* _Collected material_
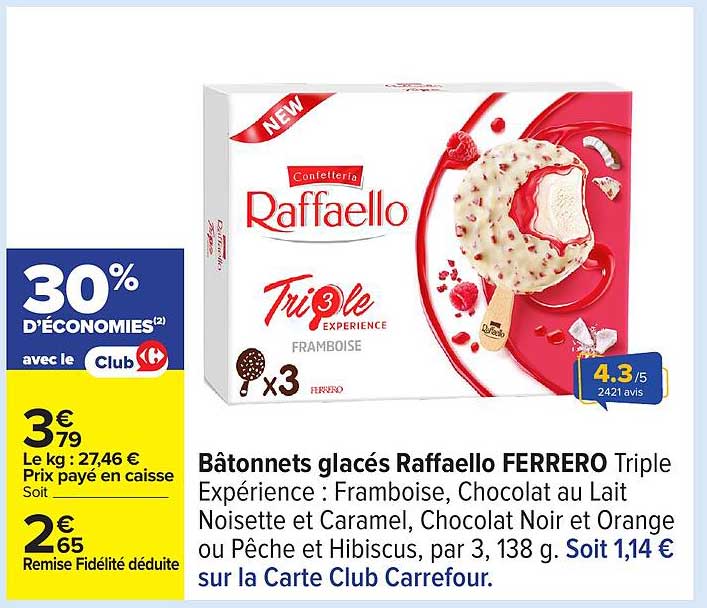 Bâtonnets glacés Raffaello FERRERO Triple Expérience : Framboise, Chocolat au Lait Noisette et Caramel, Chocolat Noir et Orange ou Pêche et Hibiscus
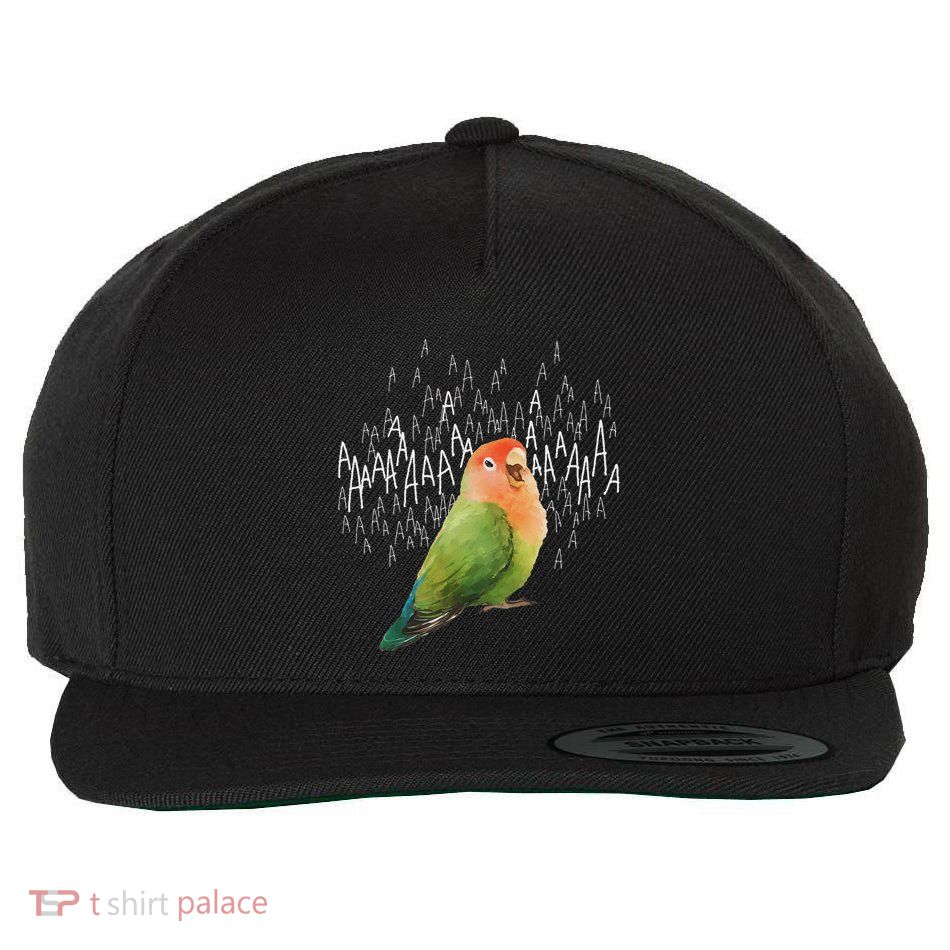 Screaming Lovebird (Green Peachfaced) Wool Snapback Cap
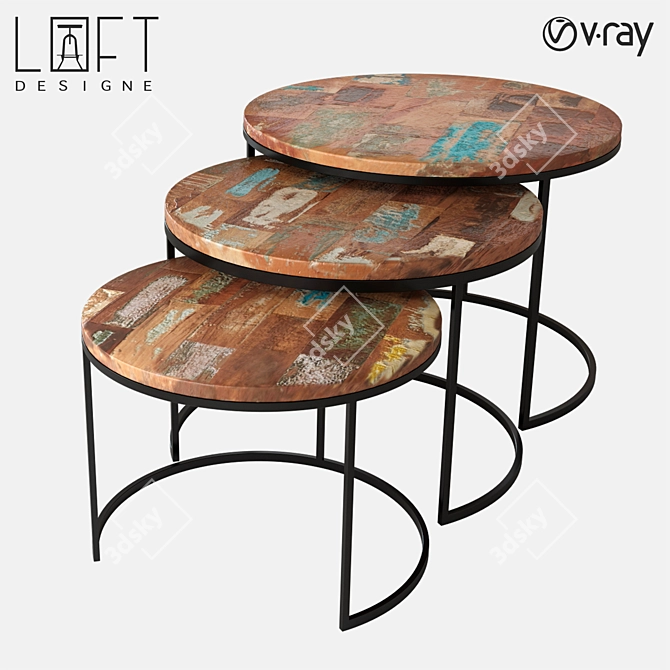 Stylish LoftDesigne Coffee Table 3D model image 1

* _What the exercise asks_
Output the whole of the data, unchanged; keep the pictures out.

* _Solved problem_
 Bâtonnets glacés Raffaello FERRERO Triple Expérience : Framboise, Chocolat au Lait Noisette et Caramel, Chocolat Noir et Orange ou Pêche et Hibiscus
 Screaming Lovebird (Green Peachfaced) Wool Snapback Cap
 Stylish LoftDesigne Coffee Table 3D model image 1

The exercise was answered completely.